Several operational changes were made very quickly after the 2017 fire, including some in response to problems Always Investigating uncovered at the time. This new training program took years to develop, and to get nearly 1,000 firefighters through the homegrown course.

Deadly lessons learned at the Marco Polo in July 2017 led HFD to rewrite the book on fighting high-rise fires.

“Our basic techniques that we’ve done all this time had worked just fine for us,” said Capt. Joey Condlin, who helped develop the training program. “Marco Polo showed us something different.”

Firefighters learn this and other lessons in a classroom portion of a new training program that just wrapped up cycling HFD personnel through over the past couple of months. Then, beyond the classroom, drills at the training center off Nimitz replicate the tight turns, steep climbs, smoke-out conditions, access and water-angle tricks, even how to hook up hoses to all kinds of standpipes. All of this is unique to tall-building firefighting.

“This is now standard,” explained Capt. Russell Youth, going over a new high-rise kit filled with an assortment of tools and plumbing pieces. “It’s going to go up to every single fire, every time a hose connects to a standpipe that kit should be in play.”

Devices including adapters and flow-meters aim to eliminate low-water-pressure surprises as happened at Marco Polo, where water pressure was so low you could put your hand in front of the nozzle, whereas proper flow should have a blast so strong it can’t be touched.

Another tool – called a “floor below” nozzle– gives firefighters a new angle of attack when fire is raging on a floor or unit that is too hot to access. They’re phasing in larger-diameter hoses – 2.5 inches instead of 1.5 inches.

Always Investigating asked Youth, as a captain in the high-rise district, how does he feel about having these additional resources, and the training, versus how it was before?

“I was in the operations bureau right when the Marco Polo happened,” Youth said, and without a doubt, with 100 percent confidence I can tell you that when you look at the three prongs of administrative, equipment and training, I am absolutely confident that our response to a high rise fire is better now than it was before.”

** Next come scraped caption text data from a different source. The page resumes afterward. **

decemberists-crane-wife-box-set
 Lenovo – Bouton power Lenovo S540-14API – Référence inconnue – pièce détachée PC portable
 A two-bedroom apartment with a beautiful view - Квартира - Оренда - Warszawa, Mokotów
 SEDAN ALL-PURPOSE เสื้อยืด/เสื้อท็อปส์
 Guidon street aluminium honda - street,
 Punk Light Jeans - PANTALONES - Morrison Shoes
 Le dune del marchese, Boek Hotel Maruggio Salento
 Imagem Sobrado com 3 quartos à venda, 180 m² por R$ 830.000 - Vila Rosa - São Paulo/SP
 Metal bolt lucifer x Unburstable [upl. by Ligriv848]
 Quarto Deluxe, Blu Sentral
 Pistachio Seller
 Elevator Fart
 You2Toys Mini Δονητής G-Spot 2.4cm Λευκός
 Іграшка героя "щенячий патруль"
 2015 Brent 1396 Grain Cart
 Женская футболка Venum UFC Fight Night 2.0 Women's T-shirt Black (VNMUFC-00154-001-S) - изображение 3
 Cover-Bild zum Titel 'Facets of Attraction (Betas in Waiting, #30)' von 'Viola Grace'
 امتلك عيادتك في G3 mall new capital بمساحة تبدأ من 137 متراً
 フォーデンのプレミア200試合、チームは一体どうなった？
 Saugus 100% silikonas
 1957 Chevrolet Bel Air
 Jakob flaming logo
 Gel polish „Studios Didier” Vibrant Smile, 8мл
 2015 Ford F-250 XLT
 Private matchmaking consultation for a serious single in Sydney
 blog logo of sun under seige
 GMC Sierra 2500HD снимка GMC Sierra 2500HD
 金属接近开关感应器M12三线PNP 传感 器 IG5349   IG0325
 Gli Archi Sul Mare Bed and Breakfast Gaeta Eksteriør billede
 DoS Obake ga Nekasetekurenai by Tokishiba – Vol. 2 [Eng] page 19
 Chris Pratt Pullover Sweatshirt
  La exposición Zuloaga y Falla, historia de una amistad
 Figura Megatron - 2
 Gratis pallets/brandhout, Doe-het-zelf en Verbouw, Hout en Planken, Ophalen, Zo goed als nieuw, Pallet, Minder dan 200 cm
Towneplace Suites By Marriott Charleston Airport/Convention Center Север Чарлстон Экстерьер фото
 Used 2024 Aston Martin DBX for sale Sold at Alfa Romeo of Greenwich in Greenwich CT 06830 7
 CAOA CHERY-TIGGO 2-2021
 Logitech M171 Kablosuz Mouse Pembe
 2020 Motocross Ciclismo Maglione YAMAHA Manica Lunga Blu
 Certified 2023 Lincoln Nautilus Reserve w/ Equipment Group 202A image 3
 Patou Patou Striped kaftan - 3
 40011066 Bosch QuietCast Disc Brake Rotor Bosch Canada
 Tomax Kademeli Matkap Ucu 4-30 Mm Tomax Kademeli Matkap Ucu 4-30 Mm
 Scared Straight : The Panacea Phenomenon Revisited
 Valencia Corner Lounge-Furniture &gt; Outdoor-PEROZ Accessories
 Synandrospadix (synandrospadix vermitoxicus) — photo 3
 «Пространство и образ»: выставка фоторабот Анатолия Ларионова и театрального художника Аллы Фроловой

HFD had done several things quickly in the days, weeks and months after the 2017 fire. They called immediately for a sprinkler retrofit law. They have dispatched an additional engine to every high-rise call since. They put into place new on-scene decontamination procedures due to asbestos exposure and improper steps that Always Investigating was first to reveal.

Always Investigating’s exclusive review of Marco Polo incident logs soon after the event had exposed response-time and communication-gap issues that HFD has since try to head off, with faster second-alarm deployment, for example. The Mobile Command Center – which KHON2 had revealed wasn’t mobilized for Marco Polo — is now at any incident commander’s beck and call.

The training program, however, took much more time.

Always Investigating asked, why did it take so long to get this created and get everybody through it?

“There are a lot of things that needed to be planned out,” explained HFD spokesperson Scott Seguirant, “and then the research needed to be done as far as going out to different departments, going to different training, then bringing everything back then looking what’s going to work for us here in Honolulu.”

Always Investigating asked, what can policymakers and those who hold the purse-strings do to help HFD turn around these kinds of solutions and training programs more quickly?

“Unfortunately making improvements, a lot of the time, will cost money,” Seguirant said. “Our department is about 1,000 firefighters at 43 stations. When budget constraints are there, the things that suffer are, actually, training and equipment, so by all means their support allows us to do this.”

With most current firefighters now through the new training, HFD says they will have to coordinate adding the course to every recruit class, which passes through about twice a year.

The department tells KHON that Kauai and Hawaii Island firefighters are going to come learn the system, too. HFD meanwhile has sent personnel to Maui for live-fire training. HFD does not currently have land and space for such a setting here on Oahu yet.